Another problem is, are you sure there are 2000 entries in the file for the array?

Basically, you would be checking all 2000, even if the file only contained 2. So the count would be off.

See the next problem as well.



Next problem. You are not getting the information from the file and putting it in the array. At the end of the file, if the contents have not been 2000, then you could put in a value that says it is the end of the data. This could be -1, or something. Then if you find -1 you break out of the loop (using the break; statement.



When you read the contents of the file into the array, you need to make sure you are only putting 1 digit into each spot of the array. if you don't do this, then you may have 10 as the value and this would not count as either a 1 or a 0.

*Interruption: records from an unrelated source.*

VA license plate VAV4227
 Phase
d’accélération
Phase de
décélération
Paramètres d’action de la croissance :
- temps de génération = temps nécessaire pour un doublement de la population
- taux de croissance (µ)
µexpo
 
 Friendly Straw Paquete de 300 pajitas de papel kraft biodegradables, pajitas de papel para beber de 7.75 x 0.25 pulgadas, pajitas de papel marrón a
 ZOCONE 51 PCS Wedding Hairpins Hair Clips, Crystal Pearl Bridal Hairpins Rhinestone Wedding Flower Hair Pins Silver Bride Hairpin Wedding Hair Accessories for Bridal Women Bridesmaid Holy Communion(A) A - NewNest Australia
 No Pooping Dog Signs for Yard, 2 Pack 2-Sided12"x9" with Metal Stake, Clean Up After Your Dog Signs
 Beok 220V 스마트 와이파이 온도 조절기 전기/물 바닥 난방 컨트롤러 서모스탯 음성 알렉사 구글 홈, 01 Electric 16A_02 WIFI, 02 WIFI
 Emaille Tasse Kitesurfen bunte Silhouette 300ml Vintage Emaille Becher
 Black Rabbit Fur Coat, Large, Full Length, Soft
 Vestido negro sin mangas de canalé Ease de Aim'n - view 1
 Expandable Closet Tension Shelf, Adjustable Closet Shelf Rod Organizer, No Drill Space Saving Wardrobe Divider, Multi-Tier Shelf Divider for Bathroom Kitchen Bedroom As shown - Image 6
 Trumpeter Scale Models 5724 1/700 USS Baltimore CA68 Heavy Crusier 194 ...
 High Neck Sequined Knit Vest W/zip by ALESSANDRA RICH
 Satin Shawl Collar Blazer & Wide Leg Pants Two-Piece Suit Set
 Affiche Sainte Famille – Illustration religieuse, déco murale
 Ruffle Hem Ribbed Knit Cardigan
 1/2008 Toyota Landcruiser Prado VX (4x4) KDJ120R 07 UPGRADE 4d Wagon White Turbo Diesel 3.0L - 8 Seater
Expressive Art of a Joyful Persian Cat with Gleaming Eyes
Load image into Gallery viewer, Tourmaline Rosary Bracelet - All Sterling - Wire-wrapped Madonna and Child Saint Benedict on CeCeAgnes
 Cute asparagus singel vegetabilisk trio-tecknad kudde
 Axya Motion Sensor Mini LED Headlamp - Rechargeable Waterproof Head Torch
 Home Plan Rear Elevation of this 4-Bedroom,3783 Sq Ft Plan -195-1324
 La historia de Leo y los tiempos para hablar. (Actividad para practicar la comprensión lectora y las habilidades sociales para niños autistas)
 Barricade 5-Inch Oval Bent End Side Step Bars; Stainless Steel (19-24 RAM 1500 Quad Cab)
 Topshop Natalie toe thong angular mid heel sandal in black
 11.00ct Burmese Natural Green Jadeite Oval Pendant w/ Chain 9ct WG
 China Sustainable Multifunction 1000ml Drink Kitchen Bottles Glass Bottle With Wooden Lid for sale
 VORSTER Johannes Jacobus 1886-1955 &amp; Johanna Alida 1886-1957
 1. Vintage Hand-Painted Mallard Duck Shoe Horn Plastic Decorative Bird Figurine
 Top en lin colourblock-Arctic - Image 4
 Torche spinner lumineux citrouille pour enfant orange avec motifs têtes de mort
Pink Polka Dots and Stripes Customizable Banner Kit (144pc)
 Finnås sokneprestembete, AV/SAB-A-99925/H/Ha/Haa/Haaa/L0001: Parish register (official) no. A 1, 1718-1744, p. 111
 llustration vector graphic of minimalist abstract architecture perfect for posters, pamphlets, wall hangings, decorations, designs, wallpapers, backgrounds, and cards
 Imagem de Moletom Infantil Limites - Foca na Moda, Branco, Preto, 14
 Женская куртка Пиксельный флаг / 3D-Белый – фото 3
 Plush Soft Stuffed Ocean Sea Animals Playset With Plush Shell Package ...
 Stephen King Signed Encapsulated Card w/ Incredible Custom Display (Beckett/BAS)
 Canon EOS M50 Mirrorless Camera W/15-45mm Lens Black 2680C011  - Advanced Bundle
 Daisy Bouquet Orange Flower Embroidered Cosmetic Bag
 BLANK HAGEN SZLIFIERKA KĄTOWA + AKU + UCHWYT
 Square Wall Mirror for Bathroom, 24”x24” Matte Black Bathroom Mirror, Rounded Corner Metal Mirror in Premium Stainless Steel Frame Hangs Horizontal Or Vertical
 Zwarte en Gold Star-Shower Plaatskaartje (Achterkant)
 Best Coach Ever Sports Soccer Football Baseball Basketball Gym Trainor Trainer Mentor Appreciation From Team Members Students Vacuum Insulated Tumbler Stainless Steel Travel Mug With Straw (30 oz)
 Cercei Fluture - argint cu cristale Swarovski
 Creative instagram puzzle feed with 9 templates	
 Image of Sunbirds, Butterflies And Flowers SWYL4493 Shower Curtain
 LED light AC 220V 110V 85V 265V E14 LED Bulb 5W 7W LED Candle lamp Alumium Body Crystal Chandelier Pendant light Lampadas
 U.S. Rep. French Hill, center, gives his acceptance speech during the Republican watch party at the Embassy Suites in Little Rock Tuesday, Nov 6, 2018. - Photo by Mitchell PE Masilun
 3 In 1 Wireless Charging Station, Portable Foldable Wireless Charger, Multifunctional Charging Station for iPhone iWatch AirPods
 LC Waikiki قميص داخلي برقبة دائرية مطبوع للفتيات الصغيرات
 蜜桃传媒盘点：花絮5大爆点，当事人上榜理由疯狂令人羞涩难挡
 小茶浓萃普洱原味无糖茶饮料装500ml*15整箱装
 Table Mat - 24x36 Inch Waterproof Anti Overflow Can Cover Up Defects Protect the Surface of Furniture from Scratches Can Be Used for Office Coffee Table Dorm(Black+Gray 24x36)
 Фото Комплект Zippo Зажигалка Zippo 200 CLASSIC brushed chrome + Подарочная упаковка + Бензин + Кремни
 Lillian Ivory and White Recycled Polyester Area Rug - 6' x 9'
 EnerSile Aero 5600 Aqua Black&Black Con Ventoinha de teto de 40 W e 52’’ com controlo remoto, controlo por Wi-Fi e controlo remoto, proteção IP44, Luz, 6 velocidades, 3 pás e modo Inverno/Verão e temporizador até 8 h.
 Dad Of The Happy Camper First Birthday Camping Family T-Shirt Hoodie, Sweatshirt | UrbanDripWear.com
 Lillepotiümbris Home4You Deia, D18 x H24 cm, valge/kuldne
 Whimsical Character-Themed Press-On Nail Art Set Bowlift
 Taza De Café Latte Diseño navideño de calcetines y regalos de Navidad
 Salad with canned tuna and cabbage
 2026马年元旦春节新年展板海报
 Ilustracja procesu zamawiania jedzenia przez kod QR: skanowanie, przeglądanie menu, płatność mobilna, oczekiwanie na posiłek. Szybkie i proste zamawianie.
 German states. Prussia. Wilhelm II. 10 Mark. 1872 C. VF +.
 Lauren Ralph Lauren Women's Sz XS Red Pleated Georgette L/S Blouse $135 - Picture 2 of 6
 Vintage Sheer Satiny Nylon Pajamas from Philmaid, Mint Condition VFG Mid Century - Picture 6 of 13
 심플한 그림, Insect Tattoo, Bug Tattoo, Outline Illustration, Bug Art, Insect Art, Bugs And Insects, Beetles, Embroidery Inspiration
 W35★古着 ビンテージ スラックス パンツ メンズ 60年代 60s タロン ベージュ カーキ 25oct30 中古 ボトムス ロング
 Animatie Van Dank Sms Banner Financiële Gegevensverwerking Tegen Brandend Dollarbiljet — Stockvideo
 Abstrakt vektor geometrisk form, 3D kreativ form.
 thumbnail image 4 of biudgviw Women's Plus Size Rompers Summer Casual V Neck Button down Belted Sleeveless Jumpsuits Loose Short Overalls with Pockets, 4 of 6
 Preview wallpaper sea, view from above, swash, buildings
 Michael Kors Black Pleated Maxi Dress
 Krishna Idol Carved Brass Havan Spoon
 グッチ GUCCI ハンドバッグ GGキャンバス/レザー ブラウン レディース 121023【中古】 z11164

Also, you can use if - else if statements instead of just if, if, if, etc.

if(array[index] == 0)

{

c0++;

}

else if(array[index] == 1)

{

c1++;

}

else if(array[index] == 2)



You may want to use a switch statement instead if you have learnt them.





Hope that helps.
?
2016-11-09 12:02:45 UTC
Awesooooome!!! it quite is the main inefficient implementation ever! Given your implementation, you do not might desire to envision something to count selection the characters, in basic terms use fseek() to bypass to the top of the document, and then get the area employing ftell(). BTW, conio.h is a non-known header, you could steer away from it, as this is basically obtainable on some DOS and homestead windows SDKs, use getchar() quite of getch(). the different issue on your application is which you at the instant are not interpreting something, you're passing the pointer infile to countchar, so this is interpreting from a random reminiscence section... attempt another compiler+IDE, that properly comments the errors on your code, i % to propose Code::Blocks + MinGW, or bypass without delay to GNU/Linux the place are the final progression equipment. For counting the words/lines, you will possibly be able to desire to optimize it via interpreting via 4/8 bytes (according to while you're on x86 or x86_64) till the top of the string, the place you will possibly be able to desire to previously write zeros till it gets aligned (after the examine). simply by fact x86 and x86_64 are little-endian architectures, you basically learn the low 8bits, shift via 8bits, learn back... it is all, this is lots speedier :). additionally you will possibly be able to desire to apply XOR to discover the areas on the entire sign in, that could desire to strengthen the overall performance slightly greater, or perhaps use quite expert SIMD training (yet it is going too a techniques XD). i can't comprehend why anybody talks approximately "a million byte = a million char", particularly while no person makes use of 7bit ASCII or any 8bit encodings anymore. This implementation isn't properly suited with UTF-8, to make it properly suited you will possibly be able to desire to verify the lenght of each char.
Danish
2010-02-27 15:29:38 UTC
What exactly does the file contain? like space separated numbers?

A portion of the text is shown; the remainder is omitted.